Turlock Unified School District trustees have always been selected through city-wide elections, with a candidate’s place of residence in town not a factor. That might soon be changing as the Stanislaus County Committee on School District Organization and Reorganization unanimously voted on Wednesday to accept a proposal by the TUSD to create trustee areas for the 2013 elections.
TUSD approved the election changes at their Jan. 19 board meeting, and then submitted their plans to the school district organization committee. The district submitted their plans before they could be sued by a Bay Area organization that has taken up the cause of trustee area school boards across the state.
“Turlock is being very pro-active and getting ahead of it,” said Tom Changnon, Stanislaus County Office of Education superintendent.
This item has come to the district as a result of a legal mandate to create trustee area elections under the California Voter Rights Act, said TUSD Trustee Frank Lima at the Jan. 19 board meeting.
The legal mandate is being enforced by a Bay Area organization called the Lawyers’ Committee for Civil Rights of the San Francisco Bay Area who are going up and down the Central Valley suing districts, Da Marto said on Jan. 19.
“A major driver is a fear of potential litigation,” said TUSD Trustee John Sims on Jan. 19.
The Modesto City Council and the Ceres Unified School District have changed their at-large election style to a by-trustee area election within the last couple of years.
“This is to guard ourselves from any legal suits that might have come if we didn’t do this,” Da Marto said on Jan. 19.
These changes to the election process will take effect in the November 2013 election with the trustees who will be up for election that year, Da Marto said on Jan. 19. Those trustees will be Josh Bernard and Bob Weaver. The election in November 2015 will affect all trustees from each district.
There will still be seven members on the board, but each of them will represent a different geographical district within the city, he said. The community will be represented from Keyes, out to Merced County and reaching Chatom.
“This is in the best interest of the community with a representative group,” Da Marto said on Jan. 19.
The maps for each trustee area will be determined from the April 2011 Census Data. The district will redraw the map every 10 years, as Census Data is released.

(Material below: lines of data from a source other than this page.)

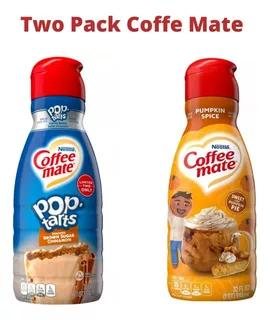 2 Pack Coffee Mate Creamer Pumpkin Spice Y Pop Tarts 946ml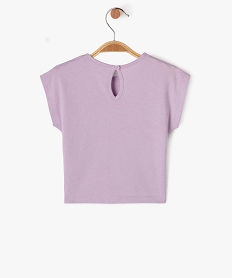 tee-shirt manches courtes loose a message bebe fille violet tee-shirts manches courtesE688501_3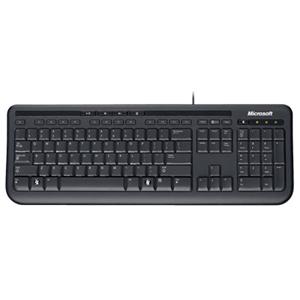 WIRED KEYBOARD 600 USB PORT ESP LATAM HDWR BLACK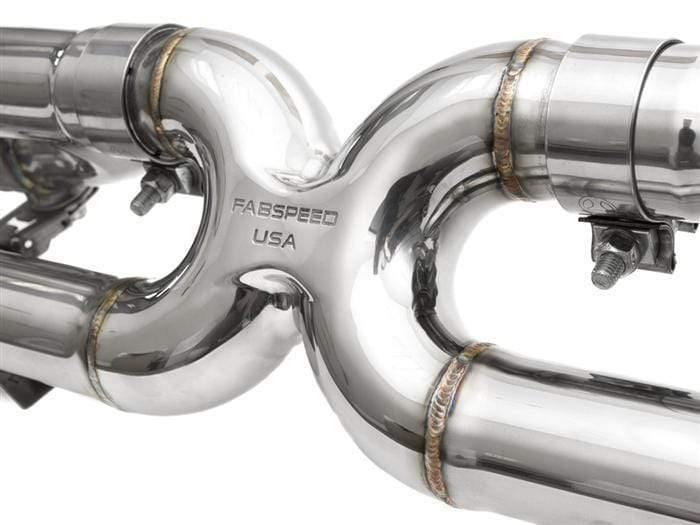 Fabspeed Valvetronic Center Muffler Bypass X-Pipe - Porsche 991 Carrera (PSE Only)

Changing the election process will cost the district a total of $15,000. It will cost about $5,000 for legal fees and $10,000 for the topography work.
“Although the state provides us no additional funding to comply with this law, if we are not proactive, the cost and expense to comply with this act could be significant,” Lima said at the Jan. 19 board meeting. “By initiating this process, we’re hoping we can control our costs by following the law and establishing a timeline and procedure that is in the best interest of our district and its students.”
TUSD administration will present the information to the Board of Trustees at the Jan. 18, 2011 meeting seeking direction and timeline approvals.
TUSD is hoping to have the trustee area maps finalized by July 2011.
Because TUSD overlaps into two counties — Stanislaus County and Merced County — it must also receive approval from Merced County, Changnon said. They must also seek approval from the United States Department of Justice.
The approved election changes will be submitted to the county election clerks and sent back to the county committees for final approval, he said.
The final deadline for submission of documents to the elections departments must be turned in 120 days before the election, which is July 8, 2013.